Ahí adentro está siempre calentito por el sol y los viejitos están todos aletargados, sentados en silencio. —¿En qué pensaran? —me pregunto cada vez que paso por allí. Hoy me acerqué a una mujer que cada tanto me habla al pasar. Está en una silla de ruedas en un rincón. Una vez me contó que había sido cartógrafa y que todos los mapas que se utilizaron en las escuelas cuando ella era joven llevaban su firma. La verdad que cuando salga de acá y si se me da la oportunidad, de alguna manera me gustaría ir a comprobarlo.

Pero hoy pasó algo raro. En vez de hablarme de los mapas, como siempre, me preguntó si no me acordaba de ella. Dijo que me conoce de la cuna. Que fue la preferida de mi padre y que a veces nos cruzabamos en el parque. Aparentemente mi padre nos sacaba a pasear con la excusa de verla a ella. Le dije la verdad, que no me acordaba.

—¿A quién esperás todos los días de visita? —volvió a preguntar.

—A mi esposa —Le respondí un poco molesto mientras estiraba el cuello para ver la hora en el reloj del pasillo. No quería que se haga muy tarde y que los demás me saquen los mejores lugares.

—Pero querido —insisitió— ¿No te acordás lo que pasó? ya hace quizás veinte años de lo que te digo —dijo la anciana haciendo un esfuerzo para enderezarse su silla de ruedas —¿No te acordás que encontraste a tu señora en la cama con otro tipo a los pocos días de casados? Vos tuviste un ataque de nervios ese día. Al tipo casi lo matás a golpes y a tu mujer la quisiste quemar viva. Menos mal que en tu desesperación le tiraste lavandina en vez de alcohol, si no hubiera sido una tragedia. Luego te quisiste colgar de un arbolito de manzanas con el cable de una plancha en el fondo de tu casa pero por suerte el arbolito no resistió y entre los vecinos y tu papá te pudieron desenrredar a tiempo. Ese día te peleaste con tu madre y tu padre porque te reprocharon haberte casado con una cualquiera. Finalmente te tuvieron que traer acá porque te volviste peligroso. Ahora ya murieron todos. Primero tus viejos, al poco tiempo que te internaron. Y a la perra de tu mujer y al otro los pasó por arriba un tren en Mar del Plata. ¿No te acordás? No va a venir nadie a verte ni hoy, ni mañana, ni pasado mañana, ni nunca más. No tenés a nadie —terminó la anciana con un hilo de voz a la vez que se dejaba caer sobre la silla nuevamente, extenuada por el esfuerzo.

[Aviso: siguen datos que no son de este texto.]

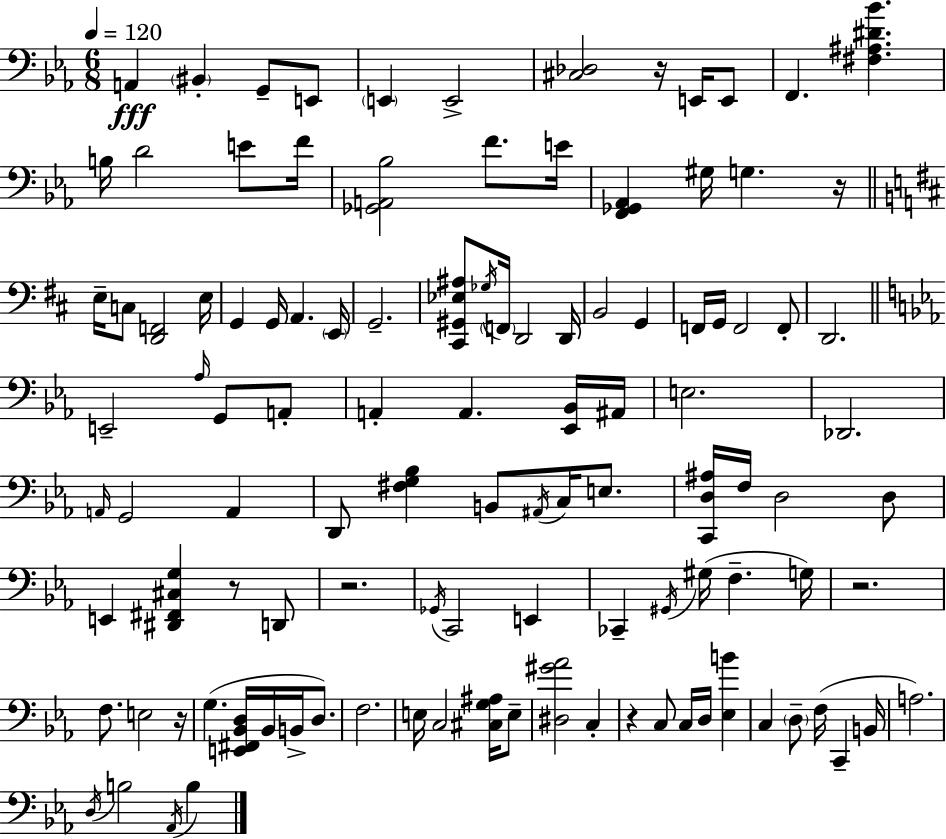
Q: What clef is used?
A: bass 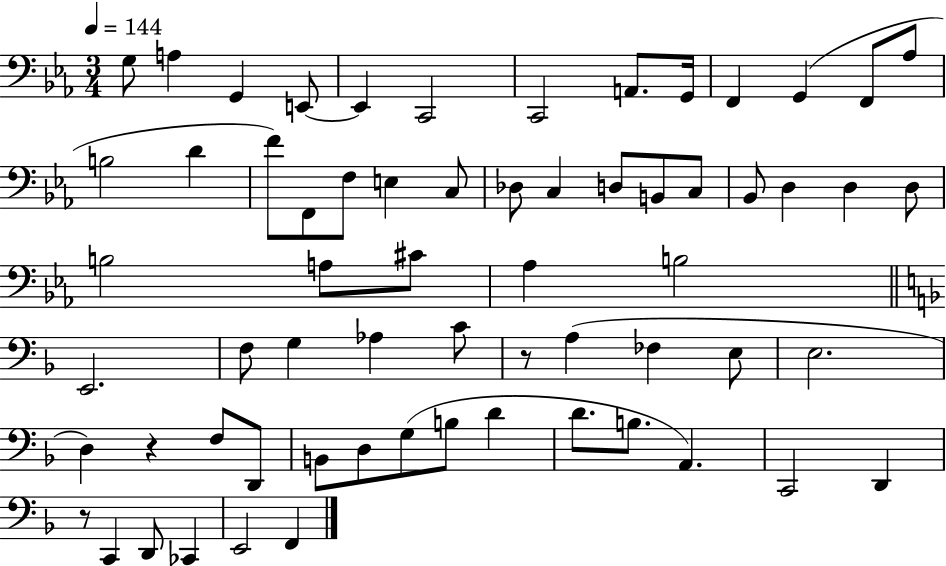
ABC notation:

X:1
T:Untitled
M:3/4
L:1/4
K:Eb
G,/2 A, G,, E,,/2 E,, C,,2 C,,2 A,,/2 G,,/4 F,, G,, F,,/2 _A,/2 B,2 D F/2 F,,/2 F,/2 E, C,/2 _D,/2 C, D,/2 B,,/2 C,/2 _B,,/2 D, D, D,/2 B,2 A,/2 ^C/2 _A, B,2 E,,2 F,/2 G, _A, C/2 z/2 A, _F, E,/2 E,2 D, z F,/2 D,,/2 B,,/2 D,/2 G,/2 B,/2 D D/2 B,/2 A,, C,,2 D,, z/2 C,, D,,/2 _C,, E,,2 F,,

—Vieja de mierda —le grité golpeando la mesa con ambas manos— ¡Mirá si vas a ser cartógrafa!

Luego me levanté y salí apurado mientras llegaban varios enfermeros alarmados por los golpes y mis palabrotas. Crucé el corredor en cuatro zancadas y a la pasada alcancé a ver en el reloj de la pared que faltaban unos minutos para que den las cinco.

—Mejor me voy a ocupar la mesa junto al jazmín —me dije a mi mismo— es la que prefiere ella. Si no llegó ya debe estar por llegar.